---- Source material

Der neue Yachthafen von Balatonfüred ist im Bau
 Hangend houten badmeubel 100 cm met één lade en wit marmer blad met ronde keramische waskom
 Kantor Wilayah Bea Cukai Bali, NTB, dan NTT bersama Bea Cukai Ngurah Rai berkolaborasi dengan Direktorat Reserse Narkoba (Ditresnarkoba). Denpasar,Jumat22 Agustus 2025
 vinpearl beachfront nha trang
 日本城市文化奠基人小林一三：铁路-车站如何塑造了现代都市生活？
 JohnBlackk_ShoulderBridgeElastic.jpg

--------
---- Source material

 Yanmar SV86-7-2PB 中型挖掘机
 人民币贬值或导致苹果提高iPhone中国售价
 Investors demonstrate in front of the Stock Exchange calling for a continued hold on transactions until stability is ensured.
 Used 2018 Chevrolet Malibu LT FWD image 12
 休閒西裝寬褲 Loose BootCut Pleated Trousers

--------

● **Problem to solve**
Keeping every character as it is, restate the lines above that run from the line with "Hangend houten badmeubel" through the line with "JohnBlackk_ShoulderBridgeElastic.jpg", both included, and nothing else.

● **Solution to the problem**
 Hangend houten badmeubel 100 cm met één lade en wit marmer blad met ronde keramische waskom
 Kantor Wilayah Bea Cukai Bali, NTB, dan NTT bersama Bea Cukai Ngurah Rai berkolaborasi dengan Direktorat Reserse Narkoba (Ditresnarkoba). Denpasar,Jumat22 Agustus 2025
 vinpearl beachfront nha trang
 日本城市文化奠基人小林一三：铁路-车站如何塑造了现代都市生活？
 JohnBlackk_ShoulderBridgeElastic.jpg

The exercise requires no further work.